◆ **About this exercise**:
Would you please set down, word for word, the lines from the one with "gyorsfagyasztott sárgabarack töltelékes" through the final line of the data below, omitting any pictures?

(Beginning of Task input)

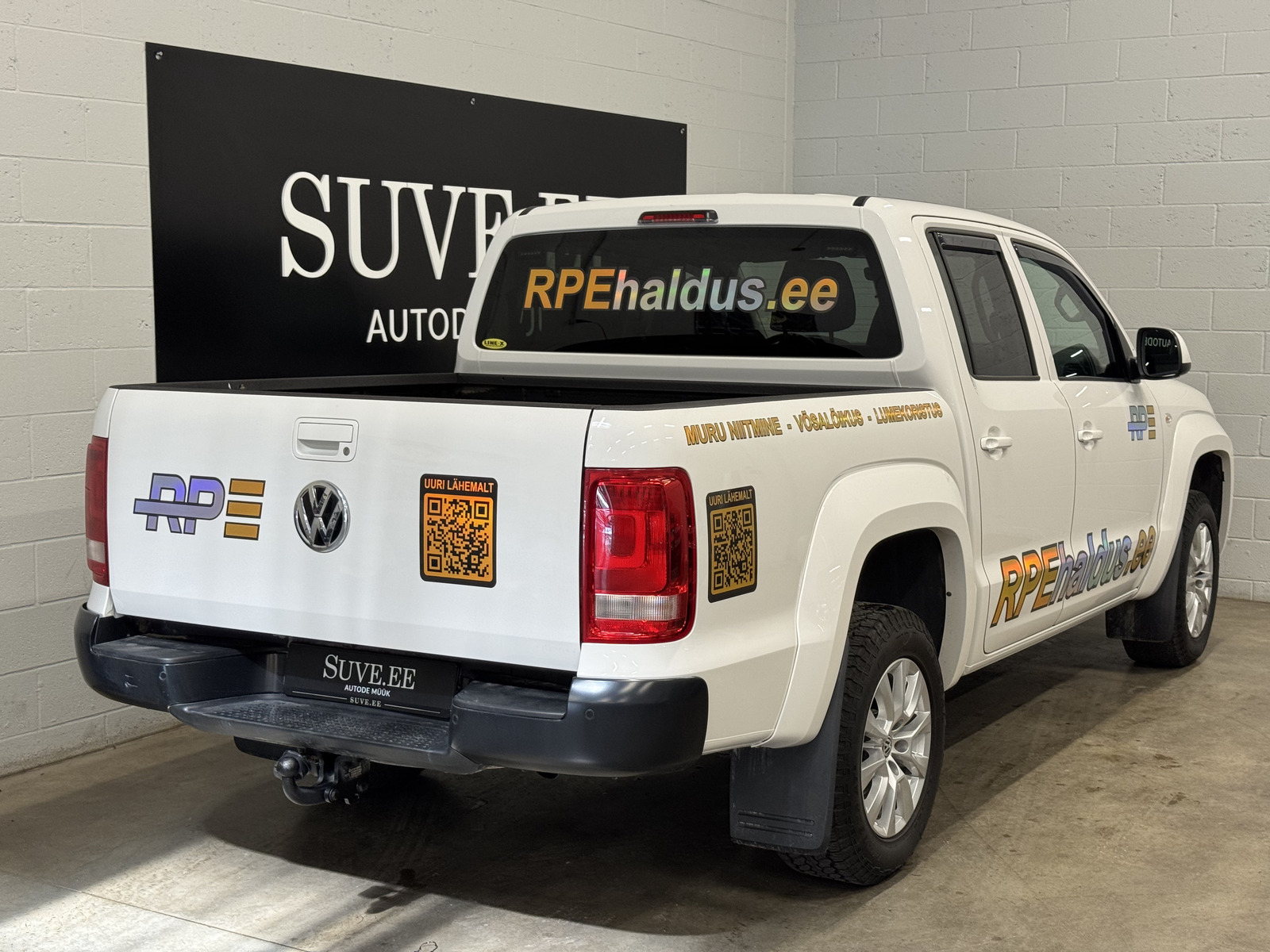 Volkswagen Amarok 2020, photo 7/27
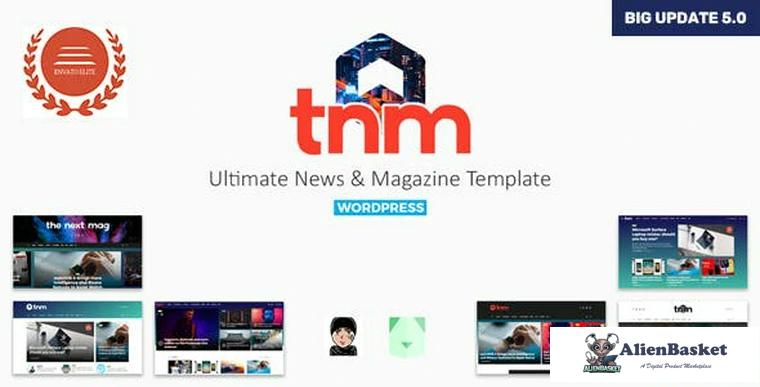 93303  The Next Mag v5.9.8 - Ultimate Magazine WordPress Theme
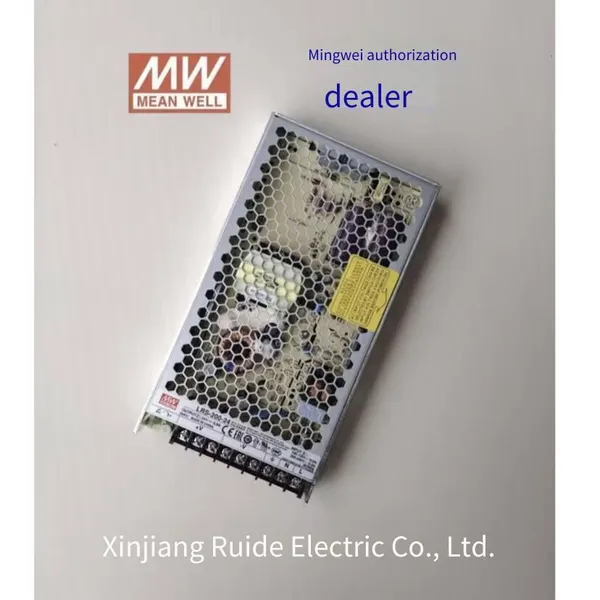 Taiwan Mean Well Switching Power Supply Lrs-200-24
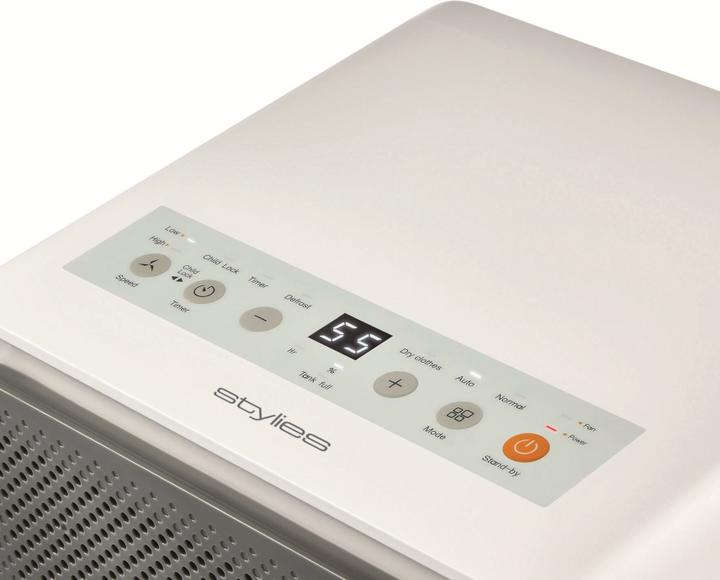 Actual product image Stylies Ceramic fan Heater Apus (1500 W)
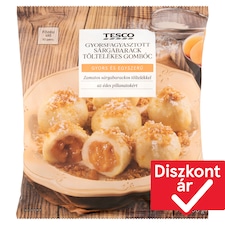 gyorsfagyasztott sárgabarack töltelékes gombóc 600 g
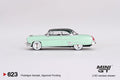 (Pre-Order) 1954 Lincoln Capri Parklane Green Mini GT Mijo Exclusives - Big J's Garage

(End of Task input)

◆ **Task answer**:
 gyorsfagyasztott sárgabarack töltelékes gombóc 600 g
 (Pre-Order) 1954 Lincoln Capri Parklane Green Mini GT Mijo Exclusives - Big J's Garage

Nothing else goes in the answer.